Hi I am doing a mock exam and have encounted following question that I don't know how to answer.
Given two independent Poisson distributions
$ Y_1 \sim Po(\lambda)$ and $Y_2 \sim Po(c\lambda)$
Let $u=Y_1+Y_2$ and $v=Y_2$, what is the conditional distribution f(v|u)?
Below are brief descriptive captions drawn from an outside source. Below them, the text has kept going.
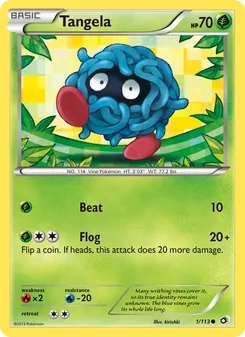Tangela (Legendary Treasures #1/113)
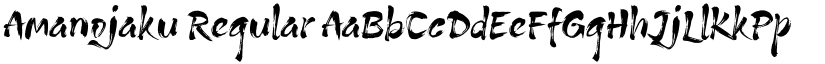Amanojaku Regular font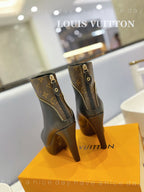 LV Afterglow Boot 10.5 Black Cowhide Monogram Canvas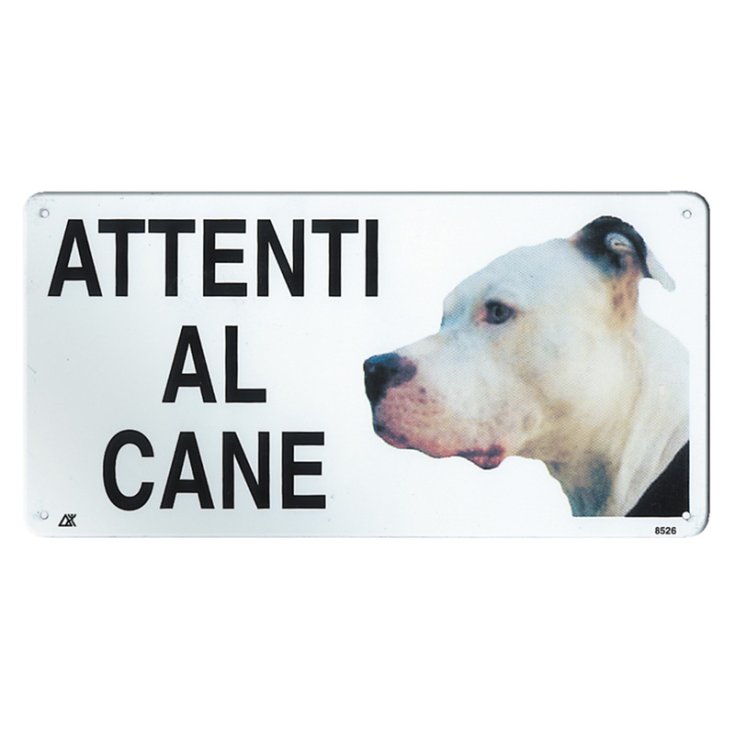 RECORD PLATE BEWARE OF THE DOG MEDIA PITT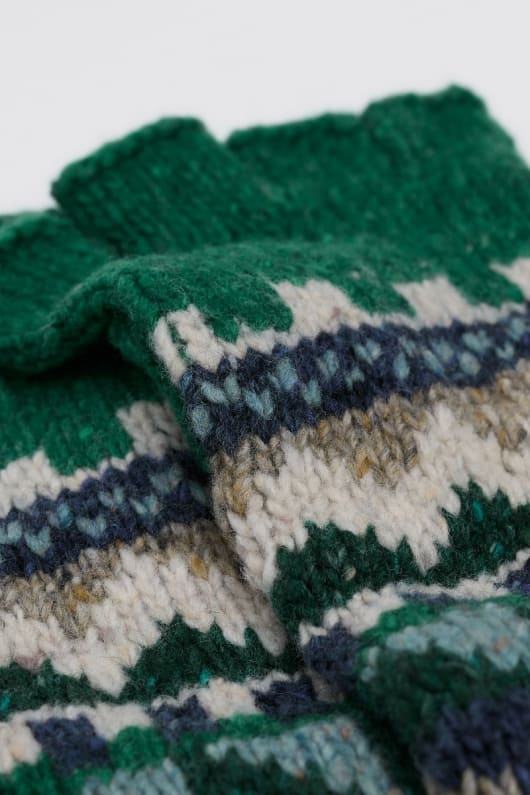 dag moon fair isle fingerless handskar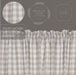 Annie Buffalo Grey Check Short Panel Set of 2 63x36
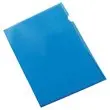 100 Pochettes coins en polypropyl&egrave;ne 11/100e Bleu - Fiducial 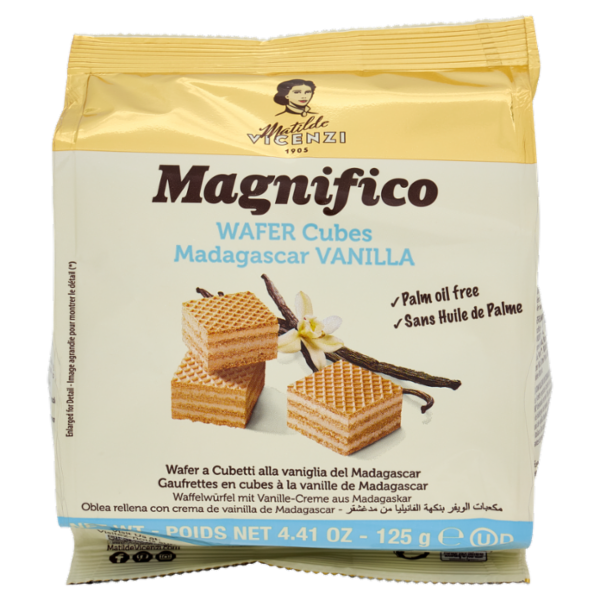 Matilde Vicenzi Magnifico Wafer Cubes Madagascar Vanilla 125 g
I get the joint density function
$f(Y_1,Y_2;\lambda) = \frac{1}{Y_1! Y_2!} e^{-\lambda(1+c)} c^{Y_2} \lambda^{Y_1+Y_2}$
and know $f(v|u)=\frac{f(u,v)}{f(u)}$
where
$f(u,v) = \frac{1}{(u-v)!v!} +\lambda^u c^v e^{-\lambda(1+c)}$
But what is $f(u)$?
Best Answer
Using the definition of conditional probability (that you correctly stated) you get
$$\mathbb{P}[V|U=u]=\frac{\mathbb{P}[Y_2=v]\cdot\mathbb{P}[Y_1=u-v]}{\mathbb{P}[Y_1+Y_2=u]}$$
Now observing that $Y_1+Y_2\sim Po[(1+c)\lambda]$
$$\mathbb{P}[V|U=u]=\frac{e^{-c\lambda}(c\lambda)^v e^{-\lambda}\lambda^{u-v}}{e^{-(1+c)\lambda}[(1+c)\lambda]^u}\cdot\frac{u!}{v!(u-v)!}=\binom{u}{v}\left( \frac{c}{1+c} \right)^v\cdot\left( \frac{1}{1+c} \right)^{u-v}$$
for $v=0,1,2,\dots,u$
that is a binomial $B\left( u; \frac{c}{1+c}\right)$